Официальная литературная наука, с которой Чернышевскому пришлось познакомиться в университете, не могла служить удовлетворительным материалом в формировании его литературных вкусов и эстетических убеждений. Лекции А. В. Никитенко не производили большого впечатления. В дневнике Чернышевского (запись от 17 февраля 1849 г.) мнение профессора о Державине и Пушкине, выдаваемое за новое слово об этих писателях, квалифицируется как далеко не новое – «говорит в виде общих мест то, что давно с умом, резкостью и последовательностью высказано Белинским» (I, 242). По свидетельству Лободовского, профессор «любил чаще всего останавливаться на внешней стороне произведений, трактуя подолгу о выразительности, изобразительности и проч., и редко затрагивал внутреннюю принципиальную, а если и касался её, то большею частью разводил бобы по поводу материй, не стоящих того, и ловко лавировал между Сциллой и Харибдой, если попутно необходимо было коснуться идей, относящихся к каким-нибудь особенным факторам в отправлениях моральной жизни».[423]
Неудивительно, что теоретические рассуждения героев повести Чернышевского «Теория и практика» в пользу содержания художественного произведения не находили особого сочувствия у осторожного профессора.На старших курсах историю литературы Чернышевский слушал у П. А. Плетнёва. Однокурсник Чернышевского писал, что академик «вечно искал „примиряющей середины”, как-то особенно чурался „крайностей”, недолюбливал оригинальности, если она не подходила под его излюбленную мерку, а мерка эта цеплялась одним концом за „примиряющую середину”, а другим, обходя „крайности”, долго тянулась по извилистому лабиринту самой бессодержательной философии, впадавшей иногда в совершенное пустословие. И странным казалось, что человек, в своих критических статьях нередко высказывавший дельные и верные мысли, здесь, при чтении лекций, доходил до странных тенденций и до усыпительной болтовни».[424]

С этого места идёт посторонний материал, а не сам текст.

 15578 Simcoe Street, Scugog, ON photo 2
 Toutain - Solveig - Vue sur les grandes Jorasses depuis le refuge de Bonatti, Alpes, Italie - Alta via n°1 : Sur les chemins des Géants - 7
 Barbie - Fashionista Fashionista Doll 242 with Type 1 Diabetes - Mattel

Другой современник из отзывов Плетнёва о разбираемых произведениях «решительно ничего» не мог припомнить: «так мало характеристического и выдающегося представляла его критика». «Большая часть лекций, – писал мемуарист, – посвящалась чтению произведений этих авторов, чтению с устаревшей декламацией».[425] Даже официальный историограф университета вынужден признать: лекции Плетнёва «не поражали слушателей ни особенною новостью взглядов, ни глубиною мысли и ещё менее учёностью».[426]Чернышевский с неизменным уважением относился к литературной известности Плетнёва, которого все «удивительно любят и уважают» (XIV, 42), – «это превосходнейший человек, деликатный, добрый, но вместе и умный человек» (XIV, 163). Но как преподаватель Плетнёв мало его интересовал, и в дневнике он откровенно высказывал резкие суждения о нём: «глупая» речь на торжественном университетском акте, «пошлые» темы, предложенные студентам по курсу истории русской литературы (I, 237, 328).
На 3-м курсе историю славянских литератур читал И. И. Срезневский. Крупный и выдающийся знаток в области славянских наречий, он обнаруживал «странное», по характеристике Лободовского, понимание литературных произведений. «Гоголю, например, он отводил место наравне с Нарежным», невысоко отзывался о Белинском.[427]
В дневнике Чернышевского 1850 г. также содержится упоминание о Срезневском, который Лермонтова и Гоголя «не хотел считать людьми одной величины с Пушкиным» (I, 353).[428] Излишне прибавлять, что в ту пору в литературных вопросах у него с И. И. Срезневским не могло быть ничего общего.Университетская наука шла вразрез с литературно-эстетическими воззрениями Чернышевского, формирующимися, как видно по «Теории и практике», под благотворным влиянием передовой русской демократической критики.
Разговор о «Теории и практике» был бы неполон без указания на автобиографичность главного героя. В характере Серебрякова, сумевшего преодолеть значительные препятствия на пути к жизненной позиции единства убеждений и поступков, ясно отражены попытки самого автора согласовать жизнь с убеждениями. В студенческом дневнике Чернышевского содержится немало мест, свидетельствующих об этом. Сознательно поставленная цель и волевые устремления к неукоснительной её реализации дали свои результаты: и в личной и в общественной жизни до конца дней своих Чернышевский являл образец человека, способного сообразовывать свои действия с теоретически сформулированными правилами, «един всегда был в теории и практике», говоря словами Чернышевского об одном из выдающихся исторических деятелей (I, 159). Вопрос о цельности личности, о соответствии внутреннего мира человека и его деятельности был для него ещё со студенческой скамьи не просто объектом философского размышления, но и вопросом лично-биографическим.